Un soir, un proche m'appelle, pour me faire part du fait que les tours que j'habite étaient à la une d'Envoyé spécial. Le reportage, auquel elles servaient de décor, illustrait un phénomène de bandes à l'origine d'un fait divers dramatique dans un collège du XIII ème arrondissement de Paris. J'ai cherché en vain à y reconnaître le quartier, que j'habite...
Parfois, la télévision dépayse. Elle réussit même à entièrement relooker le quartier que vous habitez, en le conformant aux circonstances du moment. Ainsi, grâce à Envoyé Spécial, j'ai pu découvrir les bandes de jeunes menaçantes, règnant sur la dalle qui s'étend au pied de la tour que j'habite. Traduction immédiate de mon ami au téléphone : "ah ben, c'est un sacré coup de pub pour ton appart!!!!". Il n'est hélas pas le seul qui l'ait pensé à l'instant de la diffusion de cette émission spéciale sur Antenne 2. Il est vrai que de nombreux films se tournent sur la dalle des Olympiades (mode, publicité, fictions en tous genres...) et que pour un reporter pressé de boucler son sujet, le décor est rêvé : authentique béton des années 1970, Botpeople échoués sur le sable d' une modernité avide, une petite dizaine de tours, portant le nom d'anciennes villes olympiques, marketing triomphant de l'époque oblige, auxquelles s'ajoutent trois barres... Vrai aussi que le quartier compte environ 3200 logements, dont la moitié sociaux.
Les tours, défrayant régulièrement la chronique locale, depuis que le maire de Paris s'est mis en tête d'en reconstruire (promis, juré, elles ne ressembleront pas à celles des années 1960-70, proscrites à Paris par Giscard d'Estaing en 1974!), il devient tendance de stigmatiser celles véhiculant l'image de l'héritage maudit des Glorieuses décennies Béton-Bitume de l'après guerre. J'ai pourtant souvent songé à inviter Jean-Louis Borloo, l'ex Monsieur démolition-reconstruction en banlieue (c'est bien connu, on vit infiniment mieux dans les lotissements tartinés à la pelle que dans les grands ensembles!) , afin de lui faire goûter l'exemplaire mixité de cette dalle du 13ème arrondissement de Paris. Apparemment, celle-ci échappe autant à Antenne 2 qu'au Ministre.
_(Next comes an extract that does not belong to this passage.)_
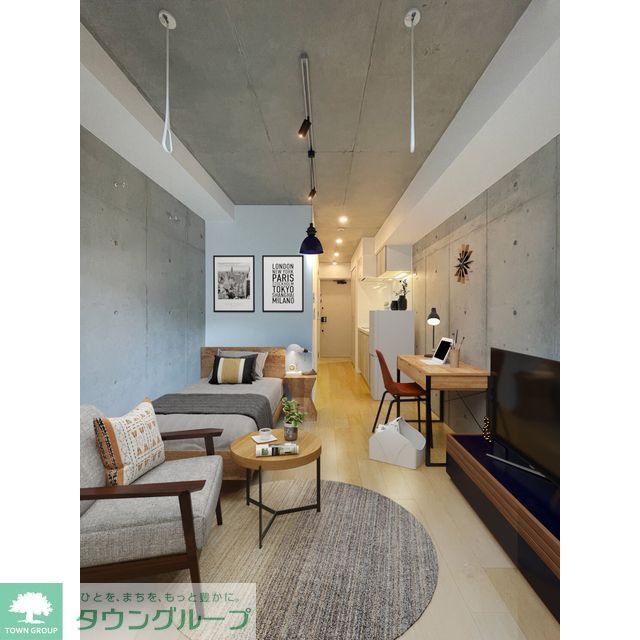 居室・リビング　家具・調度品等はCG加工です。実際の賃貸住居には含まれません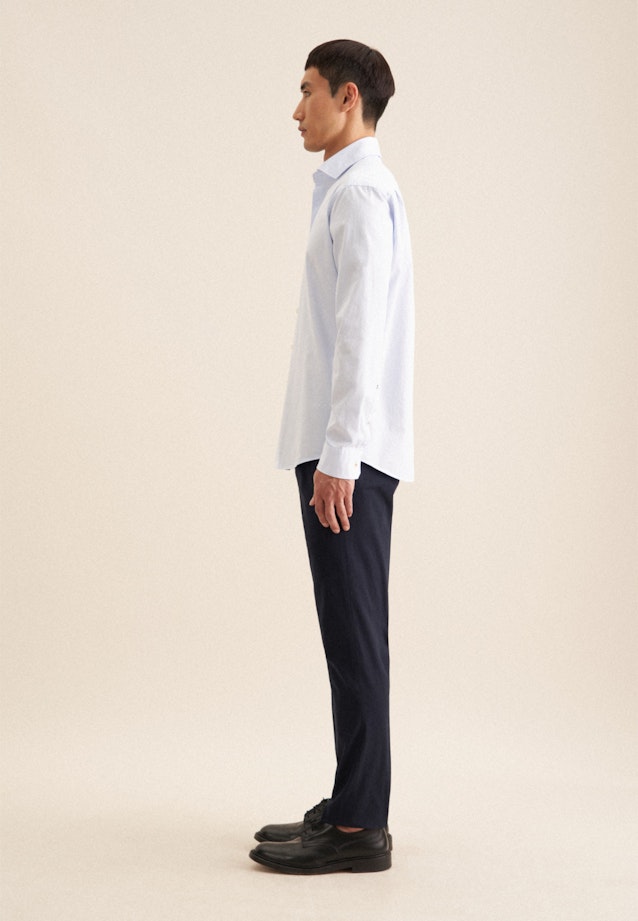 Regular Casual Hemd Uni in Hellblau |  Seidensticker Onlineshop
Six des huit tours des Olympiades sont néanmoins en copropriété. Desservies par la station terminus de la ligne 14, elles se vendent à 6000 euros au mètre carré. Les studios s'y louent à 800 euros par moins minimum, les F3 à près de 2000 euros. Nombre de propriétaires encore présents ont acheté les appartements livrés entre 1972 et 1976 sur plan, ils ne les quittent qu'à l'âge de la retraite pour un départ en province et n'hésitent pas à y installer leurs enfants. Les cadres supérieurs, les professions intellectuelles ou artistiques... y sont bien représentés. Les appartements sujets à un plus grand turn-over sont ceux loués par des investisseurs ou des propriétaires bailleurs, habités au sud de la dalle en majorité par les asiatiques. Quant au parc HLM (deux tours et trois barres), financé avec les plafonds les plus élevés du logement social, ils réunit largement autant de fonctionnaires de la Ville, de la SNCF, de l'armée... que de blacks ou d'arabes (ceux de nationalité française pouvant le cas échéant exercer ces fonctions).
Il est surprenant qu'un brassage culturel et social aussi exemplaire frappe aussi peu l'imagination des reporters d'Antenne 2, apparemment enfermés dans la caricature ambiante qui interdit de penser la complexité. Toujours est-il que s'il m'arrive régulièrement de croiser des groupes de jeunes "rouillant" au pied des immeubles, dont certains sans emploi vivant peut-être de trafics, je n'ai jamais eu l'impression de vivre dans un quartier, où elles feraient la loi, jamais non plus eu peur, jamais enfin jugé utile de fermer mon appartement à clé en le quittant. C'est dire si la bataille des représentations est aujourd'hui la plus urgente à mener, tant celles-ci déforment le réel, sinon le minent.